▸ **EXERCISE BRIEF**
Transcribe exactly every line from the one containing "Parasol de jardin" down to the final line of the listing below, including both, and leave out the rest.

===== MATERIALS PROVIDED

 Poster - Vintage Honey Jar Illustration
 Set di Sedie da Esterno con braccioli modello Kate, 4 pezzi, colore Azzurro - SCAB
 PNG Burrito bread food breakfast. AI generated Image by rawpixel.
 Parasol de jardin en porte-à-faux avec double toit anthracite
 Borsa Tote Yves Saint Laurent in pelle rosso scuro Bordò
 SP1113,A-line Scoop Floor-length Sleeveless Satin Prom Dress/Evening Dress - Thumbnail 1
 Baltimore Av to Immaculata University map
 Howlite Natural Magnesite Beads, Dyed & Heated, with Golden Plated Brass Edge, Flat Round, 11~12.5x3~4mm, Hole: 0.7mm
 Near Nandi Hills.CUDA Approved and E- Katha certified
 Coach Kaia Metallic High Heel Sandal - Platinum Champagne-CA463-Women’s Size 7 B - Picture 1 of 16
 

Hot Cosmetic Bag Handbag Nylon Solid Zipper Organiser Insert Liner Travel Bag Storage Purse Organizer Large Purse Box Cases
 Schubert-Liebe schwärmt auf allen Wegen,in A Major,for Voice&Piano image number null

==========

▸ **TASK RESULT**
 Parasol de jardin en porte-à-faux avec double toit anthracite
 Borsa Tote Yves Saint Laurent in pelle rosso scuro Bordò
 SP1113,A-line Scoop Floor-length Sleeveless Satin Prom Dress/Evening Dress - Thumbnail 1
 Baltimore Av to Immaculata University map
 Howlite Natural Magnesite Beads, Dyed & Heated, with Golden Plated Brass Edge, Flat Round, 11~12.5x3~4mm, Hole: 0.7mm
 Near Nandi Hills.CUDA Approved and E- Katha certified
 Coach Kaia Metallic High Heel Sandal - Platinum Champagne-CA463-Women’s Size 7 B - Picture 1 of 16
 

Hot Cosmetic Bag Handbag Nylon Solid Zipper Organiser Insert Liner Travel Bag Storage Purse Organizer Large Purse Box Cases
 Schubert-Liebe schwärmt auf allen Wegen,in A Major,for Voice&Piano image number null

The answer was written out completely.